|~: Discovery :~|
I learned that words 'matter in the mind' because using words is the natural way
in which each person 'makes "sense"' in one's mind; and that the nature of each
word used actually matters in the mind as: 'the sense,' the word is said to make.
In natural perception, the senses are unified in the moment. The sense of touch and
the sense of effort may be joined with the sense of sight, so one's feeling of: "hard,"
or of: "soft," is sensed as a quality present within one's mental image of this or that
definite "thing" outlined in vision. ['Solid rock' feels hard. 'Flowing fur' feels soft.]
The sense which a word brings to mind is the sense noticed within the perception of
a natural definition: one that is originally, and always, experienced without words.
Here, the work that each word performs is to bring a certain sense to mind. The
sense of a word fills out the 'mental space' of the imagination as the mental image
of the naturally sensed definition comes to mind.
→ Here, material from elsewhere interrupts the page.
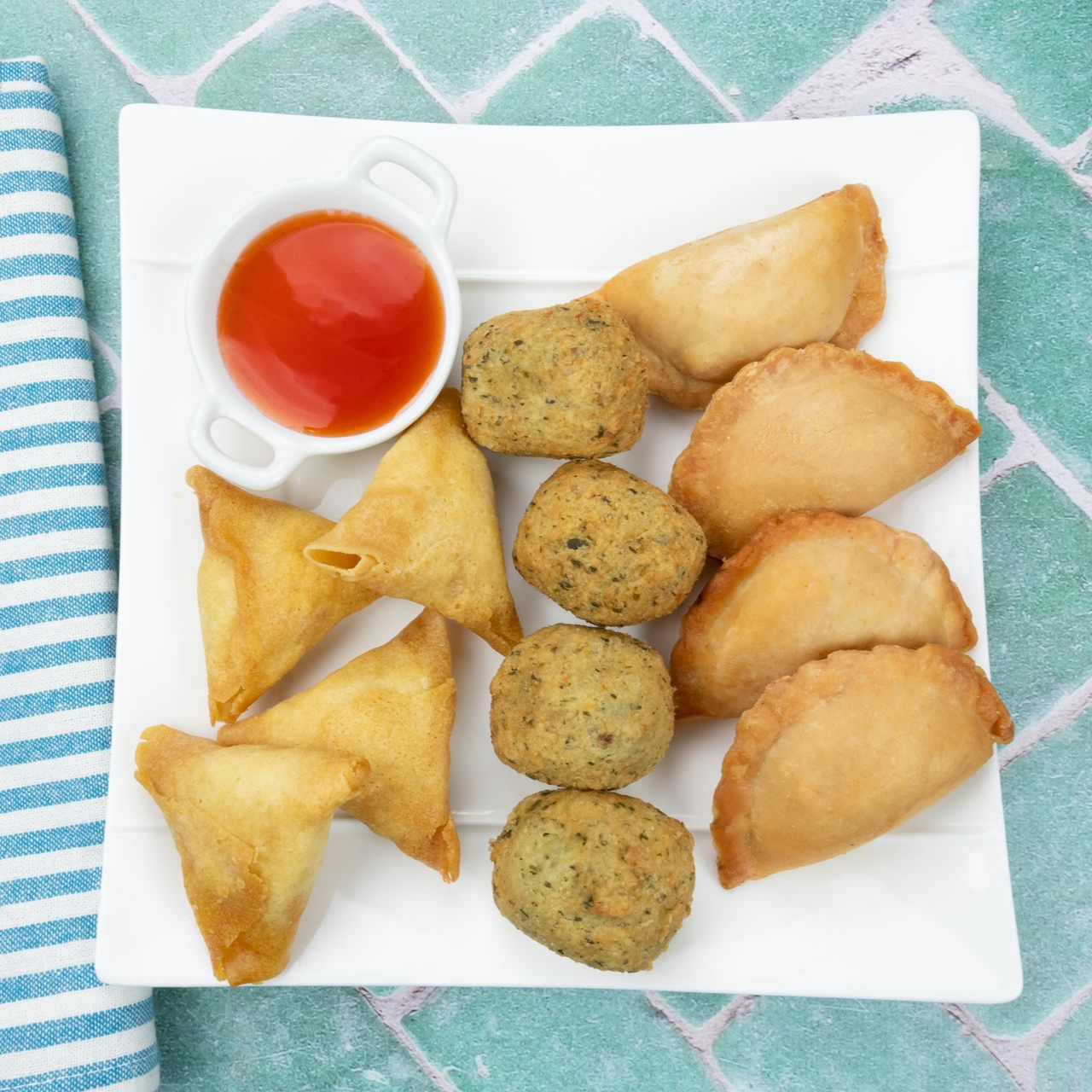 Assiette blanche garnie d'un assortiment de beignets, comprenant des samoussas, des croquettes et une sauce rouge.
The word written: "hard," brings
one sense to mind, whereas the word written: "soft," brings another sense to mind.
If the naturally sensed definition, which the word brings to mind, fits to match the
mental image, that one has in mind, the word makes sense to use at this moment.
[Performing a task that involves effort, feels hard.] As such, when the sense of a
word matches one's sense of the world, the word may be used to make sense of
this or that naturally defined experience of the world; and words that really 'make
sense' to use at a certain moment within one's actual experience, may be used in a
true explanation from which one may act towards a selected effect that matters.
My continued interest in 'how words work' led to a study of the way words have
come to have the 'sense' that they do. I learned that this study is called etymology.